There’s a bit of tension in our house, in that I ❤️ Mexican / Texmex food, but the tulip-man is just kind of *meh* about it. So in my quest to convert him, I’ve been bringing out the big guns. And the most recent tactic were these mega vegan burritos! They’re packed with so much flavor while being secretly healthy (and even more secretly vegan).
Here’s what’s in these vegan burritos
- Tempeh taco meat: Grated tempeh sautéed with a blend of taco spices has the perfect texture and flavor! Find the recipe here (we’ll use the full recipe for these burritos).
- Chipotle copycat cauliflower rice: It’s like the rice from Chipotle, herby and delicious (except it’s cauliflower)! Find the recipe here (again, use the whole recipe to fill these burritos).

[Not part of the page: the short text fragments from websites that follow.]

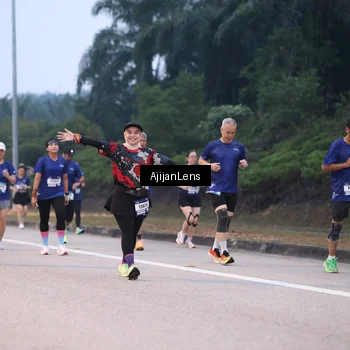 Runner Photo 7376464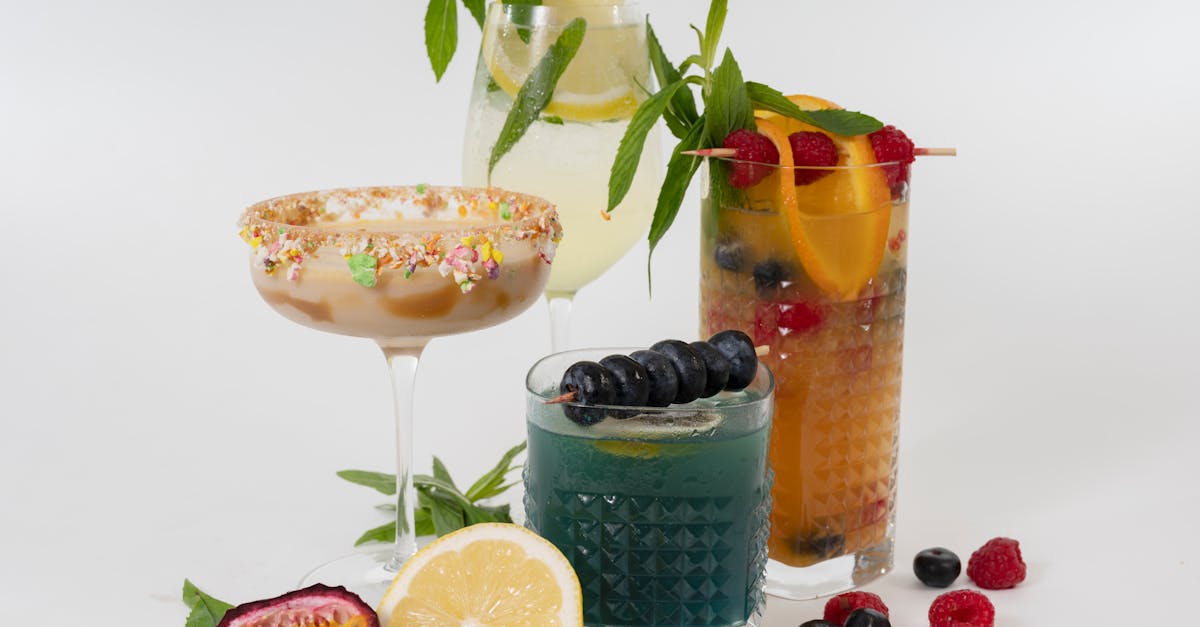 presse citron efficace et pratique pour extraire facilement le jus des citrons et autres agrumes. idéal pour la cuisine et les boissons fraîches.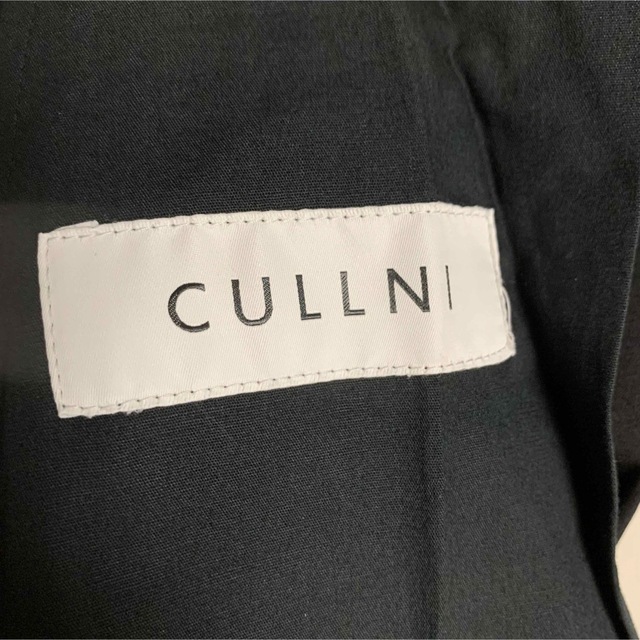 【美品】CULLNI クルニ　22ss  ワイドパンツ　スラックス　ベルト　黒 メンズのパンツ(スラックス)の商品写真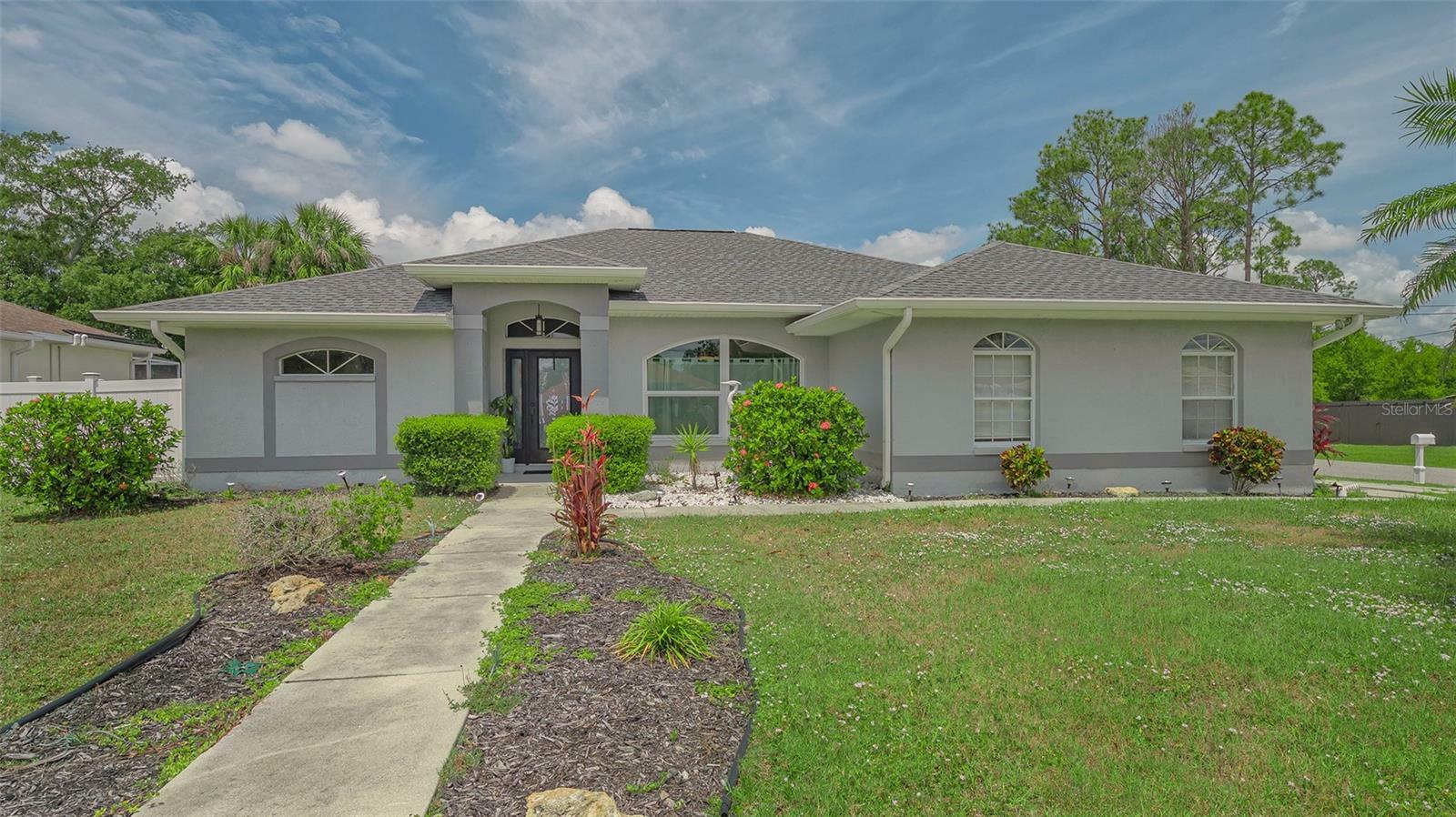 Property Photo: 4037 Wooley Avenue FL 34287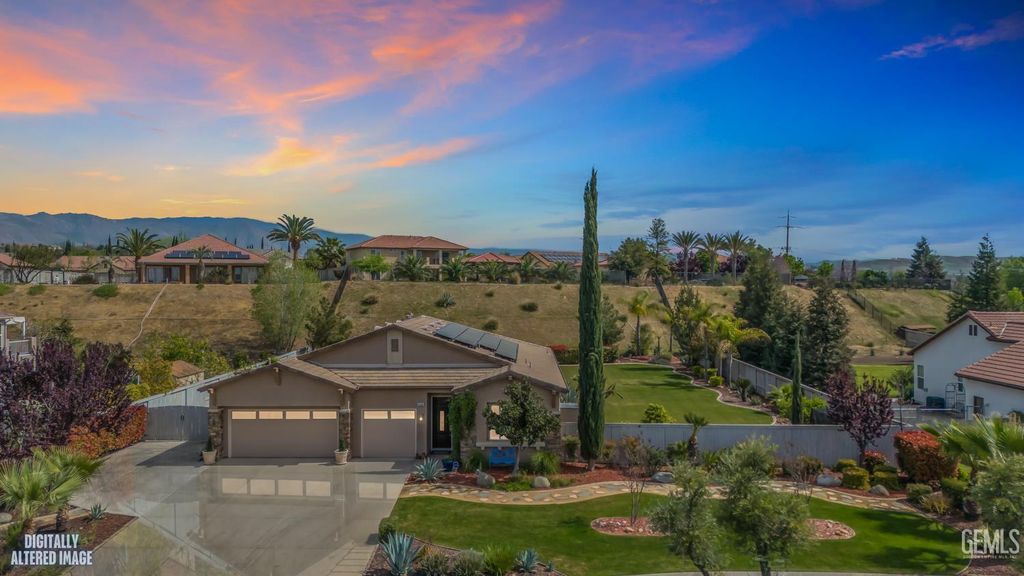 6605 Montagna Drive, Bakersfield, CA 93306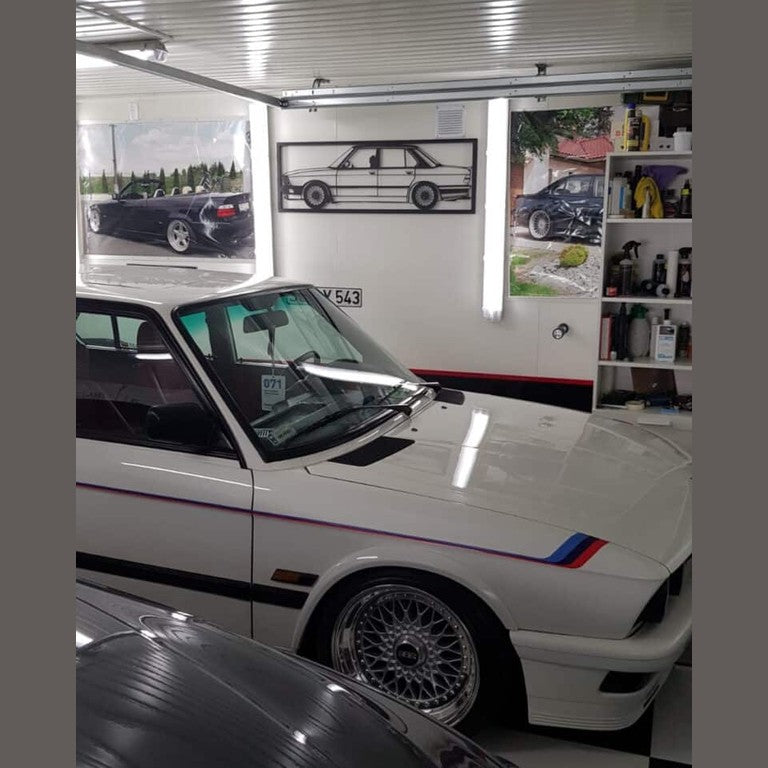 BMW M5 E28 - Metalowe Panele Ścienne Dekoracyjne dla Miłośników Klasycznych Samochodów - zdjęcie 3 - Kapaga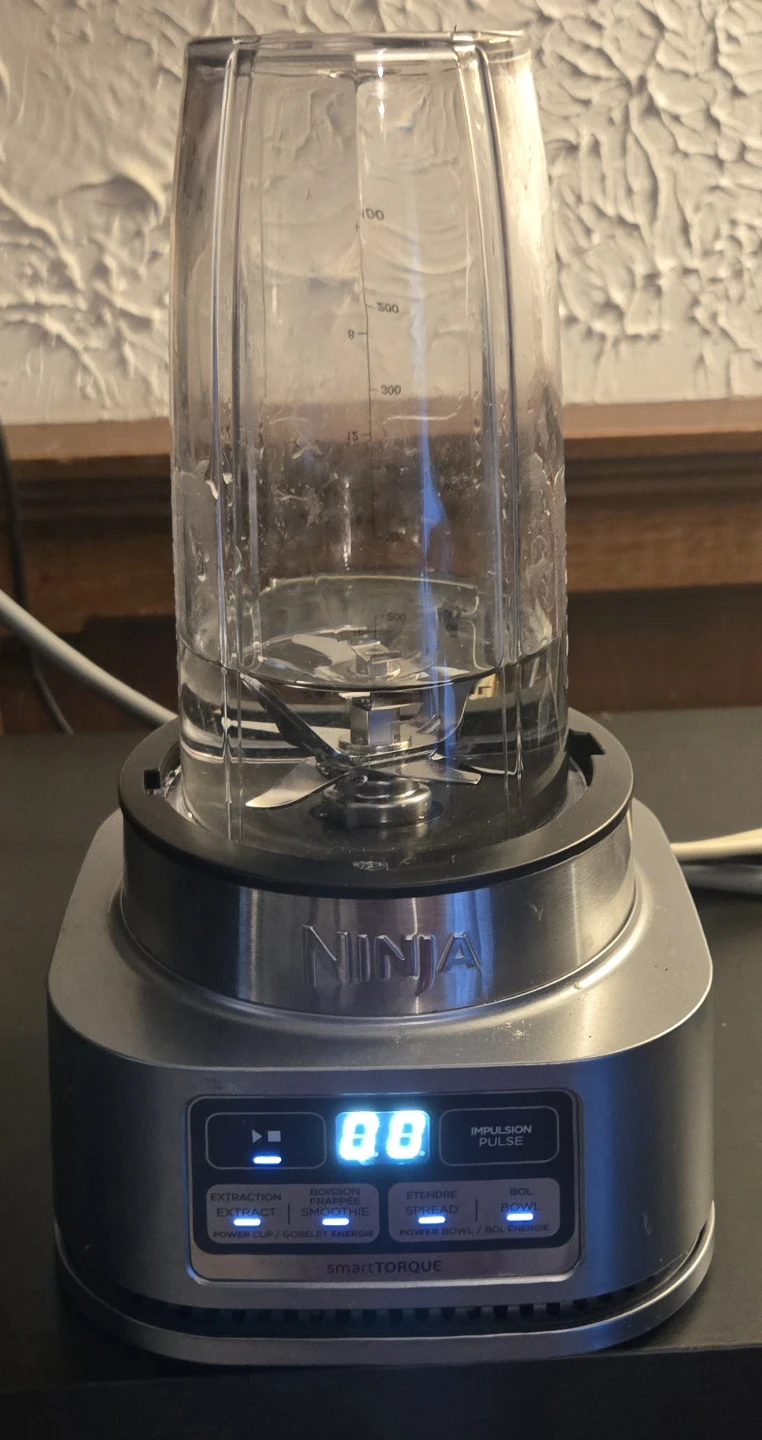 Ninja Personal Blender.  Foodi Power Nutri Duo with 24-oz. Cup.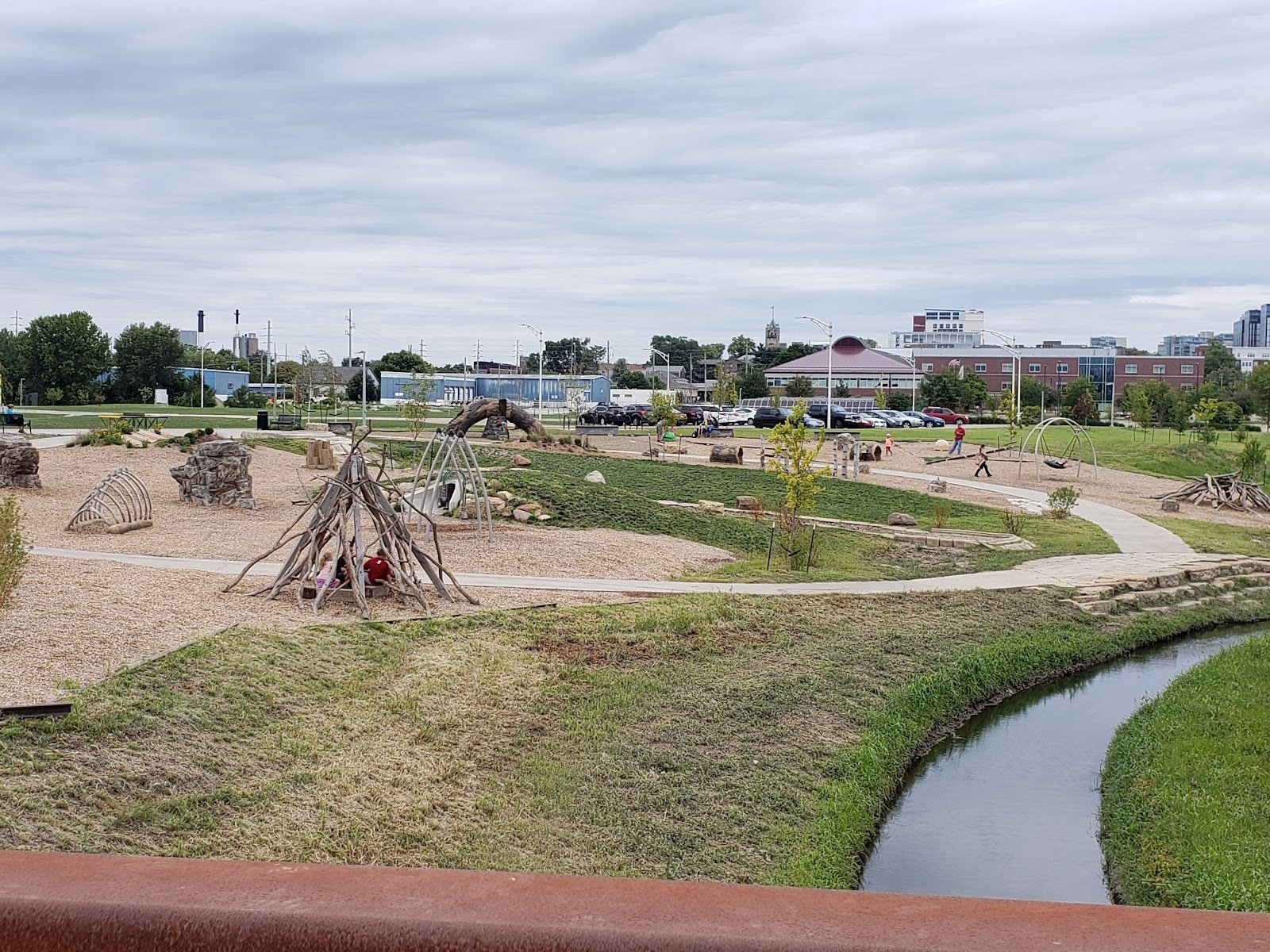 riverfront-crossings-park-4
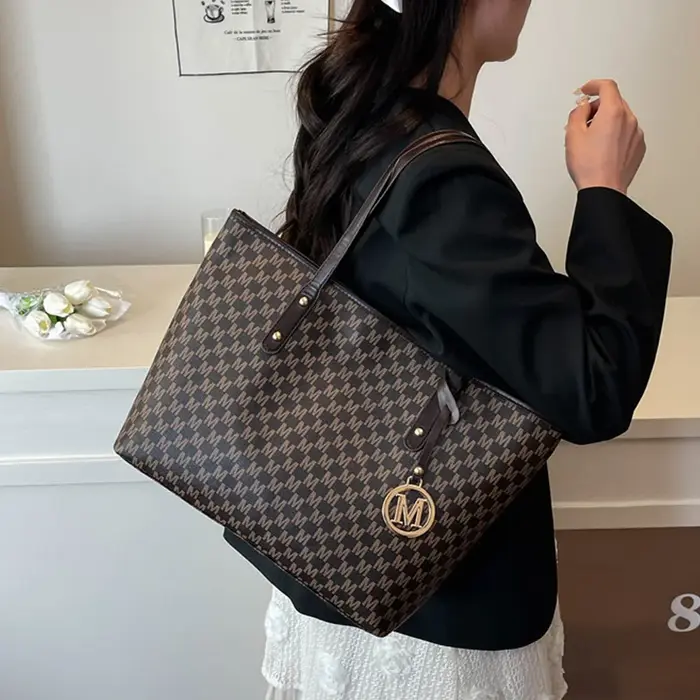 Sac fourre-tout grande capacité pour trajets quotidiens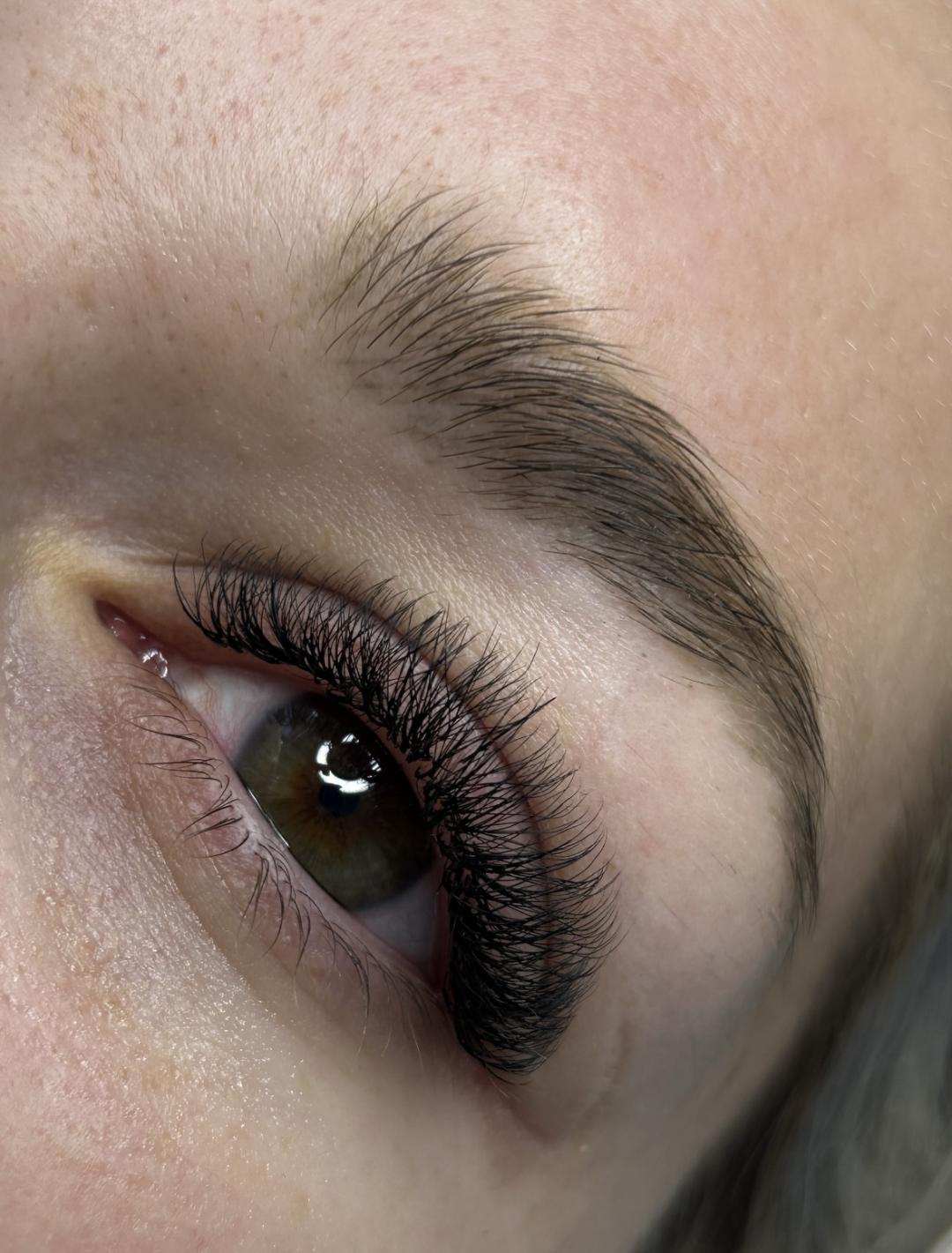 Nadogradnja svilenih trepavica - mix tehnika - Lash & Light Studio, Beograd Nadogradnja trepavica Lice Nadogradnja trepavica, Beograd, Krnjača, Ovča, Kotež, Borča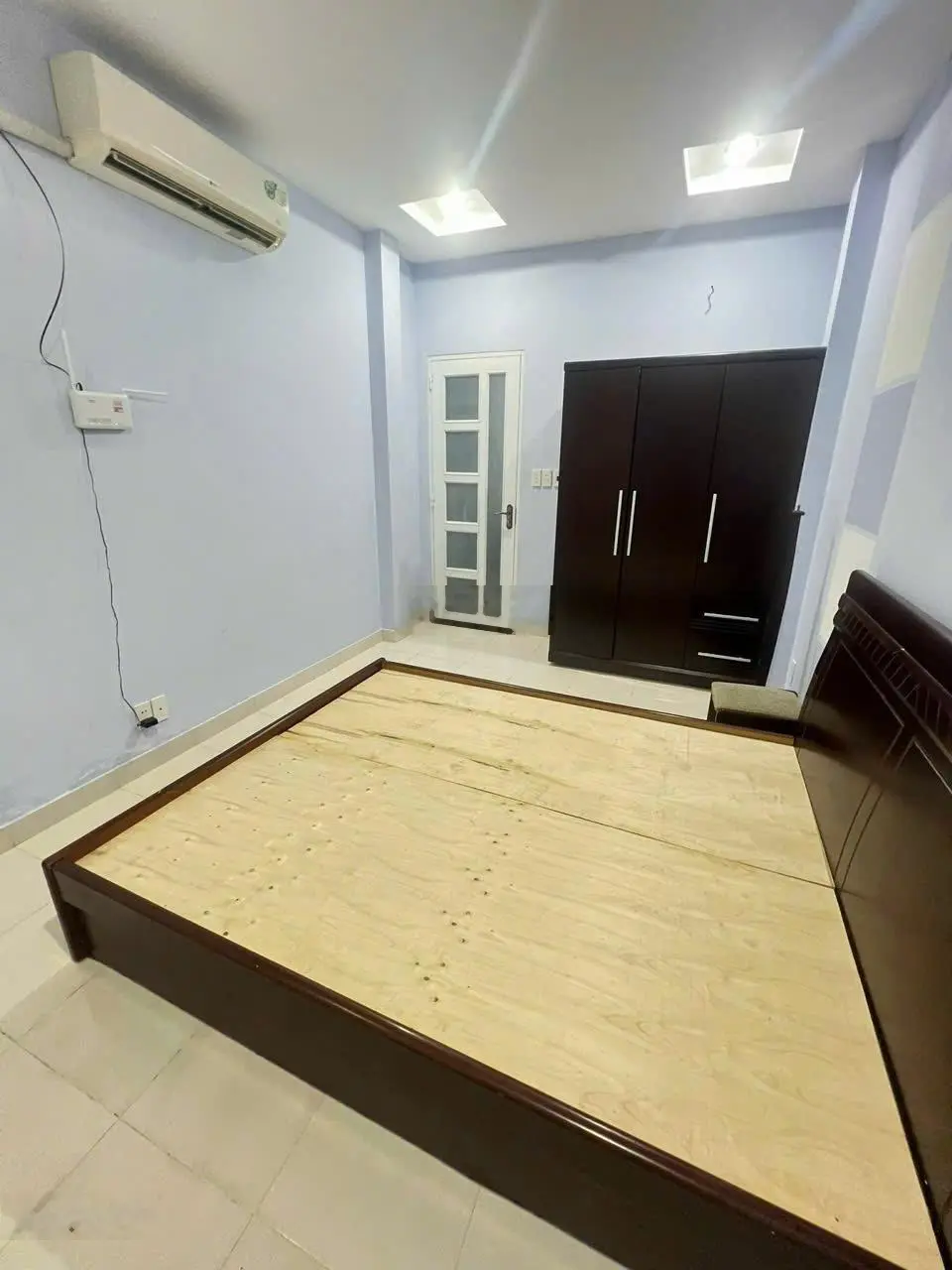 Bán nhà phố hẻm đường Nguyễn Tuyển P. Bình Trưng Tây Quận 2. (3,1m x 18,2m). Hướng Tây Bắc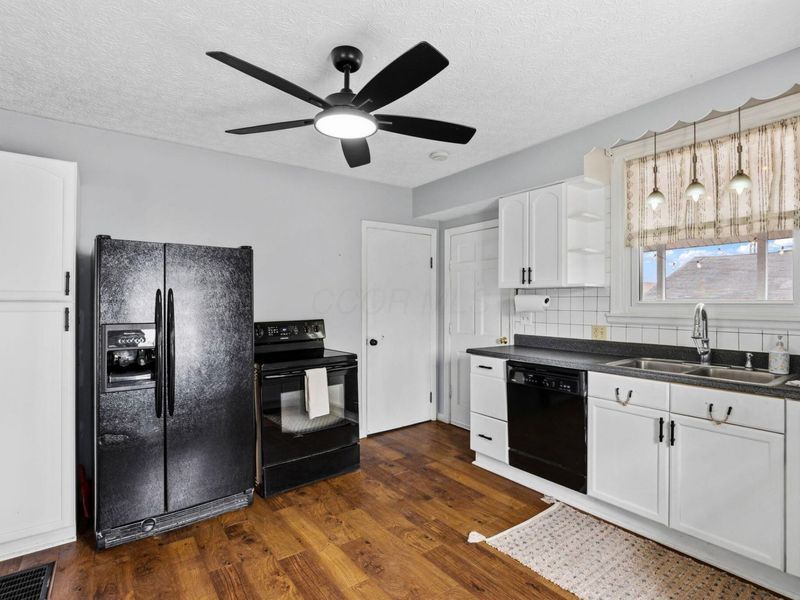 440 Long Street, Ashville, OH 43103 Photo 14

- Best ever cashew queso: Cashews make the creamy base for this liquid gold of a sauce, along with nutritional yeast, jalapeno, and spices for flavor.
- The usual suspects: And of course, your favorite burrito fillings…avocado, bell pepper, chopped romaine lettuce, whatever suits your fancy!
- 1 cup cashews soaked, 150 g
- 1 jalapeno
- 1 carrot
- 1/4 cup nutritional yeast
- 1 cup water 240 mL
- 1/4 tsp each chili powder, cumin, smoked paprika, salt
- Queso: Soak cashews in water overnight (or in very hot water for 1 hour). Add carrot and a few tablespoons of water to a microwave-safe dish. Cover and microwave until fork tender, about 4 minutes. Drain water. Blend all queso ingredients in a blender until smooth.
- Taco Meat: Make Tempeh Taco Meat – recipe here (15 minutes).
- Rice: Make cauliflower rice – recipe here (15 minutes).
- Assemble: Stuff tortillas with queso, taco meat, rice, and veggies. Roll and serve!